Multiple myeloma (MM) being one of the most widely spread haematological malignancies remains an incurable disease. As malignant plasma cells produce abnormally large amounts of immunoglobulins they particularly rely on the ubiquitin-proteasome system (UPS) to avoid aberrant protein overload. This unique feature is targeted by proteasome inhibitors (PI) that induce MM cell death especially by increasing levels of reactive oxygen species (ROS).

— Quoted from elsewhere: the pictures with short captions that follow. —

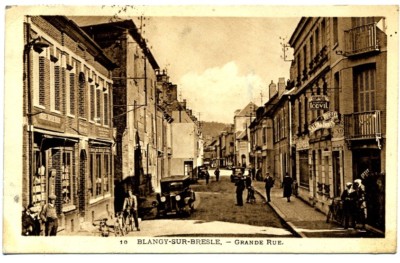 (S-108948) FRANCE - 76 - BLANGY SUR BRESLE POSTCARD MATHON ed.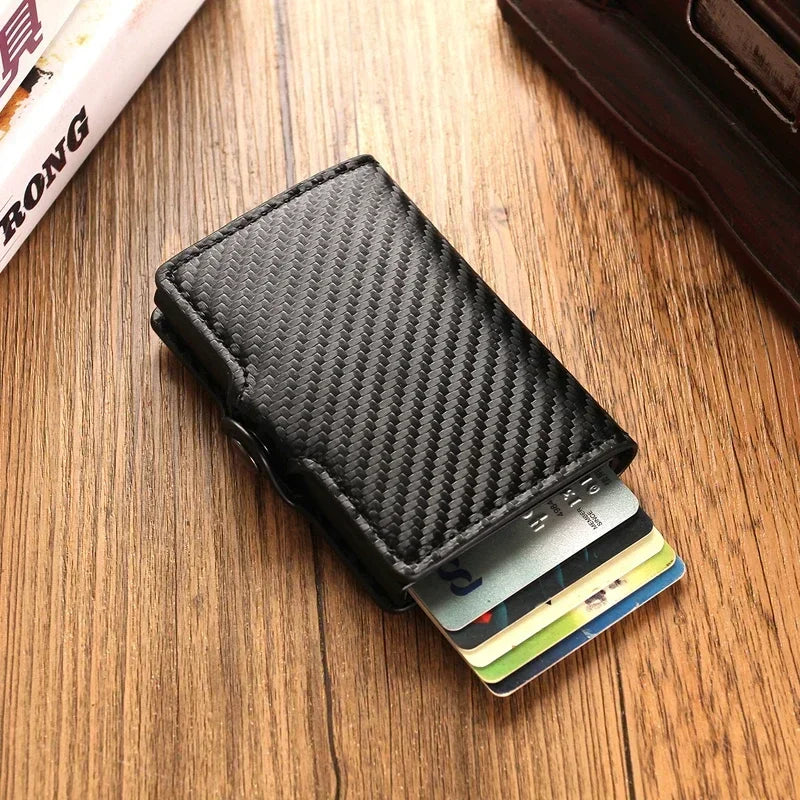 Carbon Wallet for men's & women's  Money Card Holder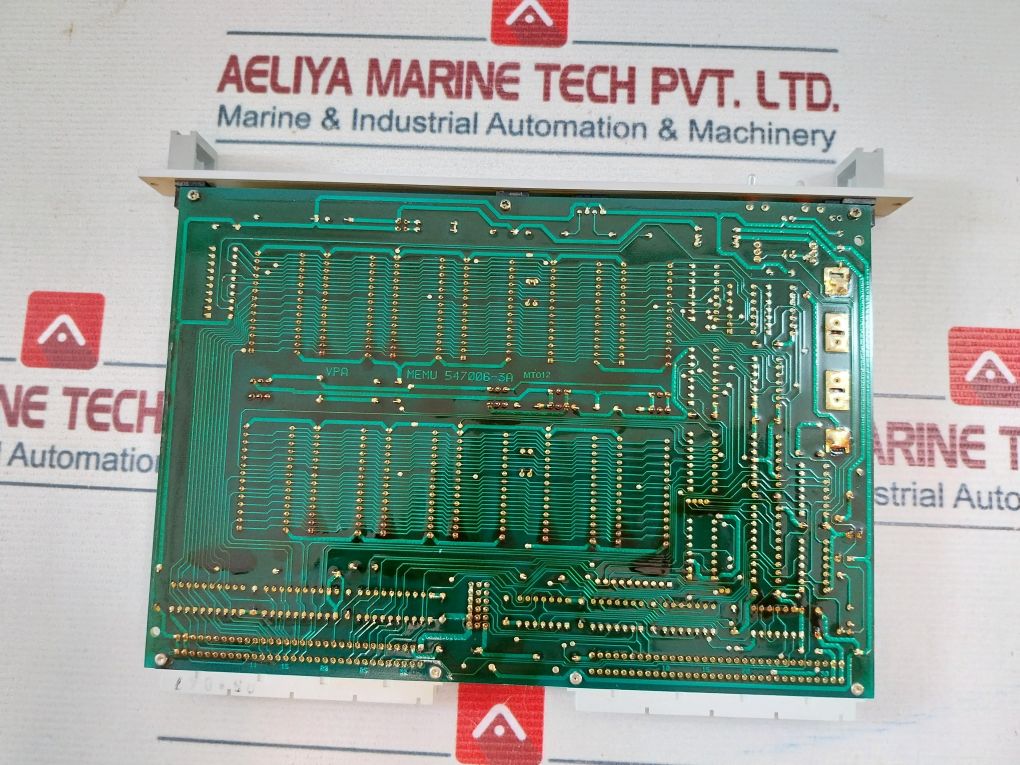 Valmet Automation Memu 547006-3B Memory Board M8510401 M1 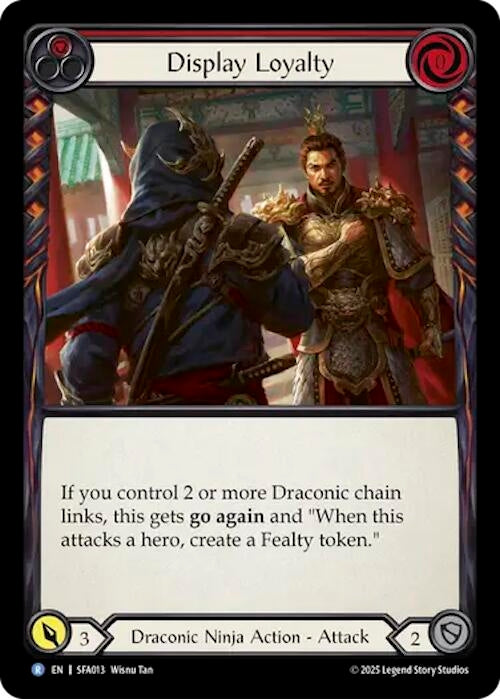 Image for Display Loyalty (SFA013) - Flesh and Blood TCG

Despite the high efficacy of PI most of the MM patients eventually relapse and expansion of drug resistant clones makes the treatment ineffective. Therefore, uncovering new molecular mechanisms of drug resistance is a crucial task. UPS is a very complex system that involves hundreds of proteins. While the roles of the proteasome and E3 ligases in PI resistance are well established, the third UPS component, deubiquitinating enzymes (DUBs), is much less explored. In this work, we performed a comprehensive search for DUBs with impact on MM pathogenesis and PI resistance, and further investigated the underlying molecular mechanisms.


Gene expression and survival

For analysis of DUB genes (n = 101) expression in blood cells, expression dataset Gds3997, DICE database and data from (Jourdan et al., J Immunol. 2011 Oct 15;187(8):3931-41., Jourdan et al., Blood. 2009 Dec 10;114(25):5173-81.) submitted to were used. For survival analysis MM patients were divided into two groups by median of gene expression for each DUB (datasets GSE2658, GSE4581 and GSE9782).

Cell line models

RPMI8226 and HEK293 cells were used as model cell lines. Cells with OTUD1 knockdowns and overexpression were generated by lentiviral infection using vectors containing doxycycline-inducible shRNA's and different versions of OTUD1 gene, respectively.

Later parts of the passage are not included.